Have you noticed that when you "update" a product these days, you have to be on your guard lest the vendor slip in a "downgrade"? Like when Apple "updated" iTunes to reduce the number of burns you could make from the music you bought from the iTunes Music Store?
Well, here's another reminder of how "updates" can hurt you. As reported in the PVRBlog, the latest TiVo OS "update" causes some TiVos to start popping up red copyright warning flags on certain saved programs (including the Simpsons), threatening to automatically erase programs after a certain number of days. These restrictions are part of TiVo's move, as reported last year, to lockdown and auto-erase content that is marked by broadcasters with Macrovision (a technology originally intended to befuddle analog VCRs, but now also being used as a flag to mark analog video for copy restrictions).

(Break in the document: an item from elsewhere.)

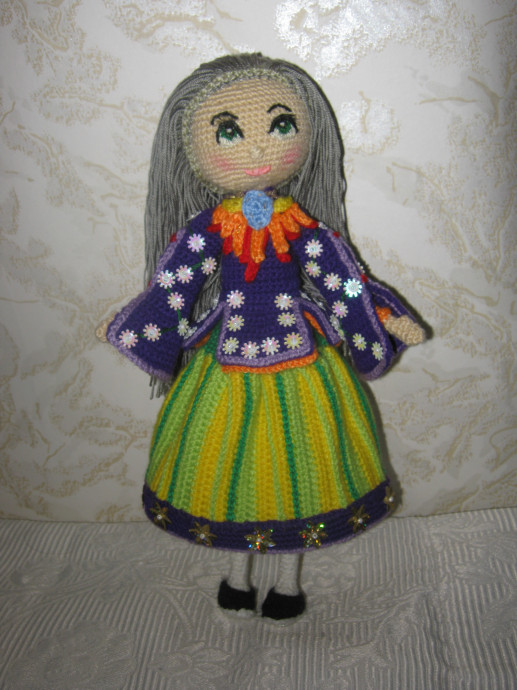 Кукла Алиса в китайском наряде из фильма "Алиса в Зазеркалье".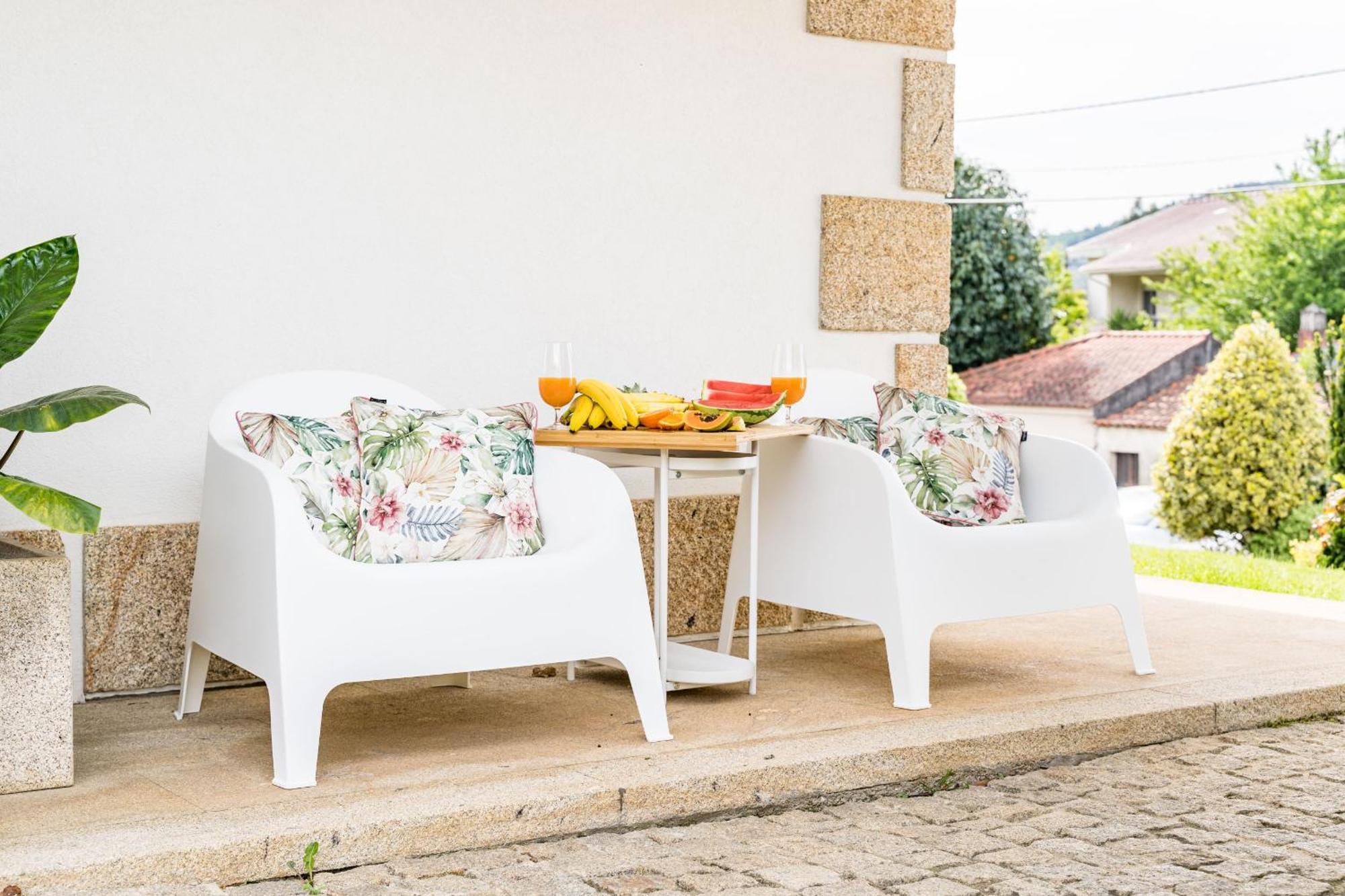 Casa Da Hera By House And People *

It looks like it was a glitch on TiVo's end this time. Only pay-per-view and "premium channel" (i.e., HBO) programs were supposed to be Macrovisioned. (In fact, section 1201(k)(2) of the Copyright Act forbids broadcasters from putting Macrovision on any other programs.)
Of course, the fact that it was a glitch this time is should be no comfort to TiVo owners. When you bought your TiVo, you could record and keep the Sopranos, or Six Feet Under, or that exclusive boxing match. Thanks to the "updates" to your TiVo, now that capability can be taken away from you at the broadcaster's whim.
It's a good reminder that, in an age when Hollywood is calling the DRM shots and technology companies acquiesce, "updates" may no longer be your friend.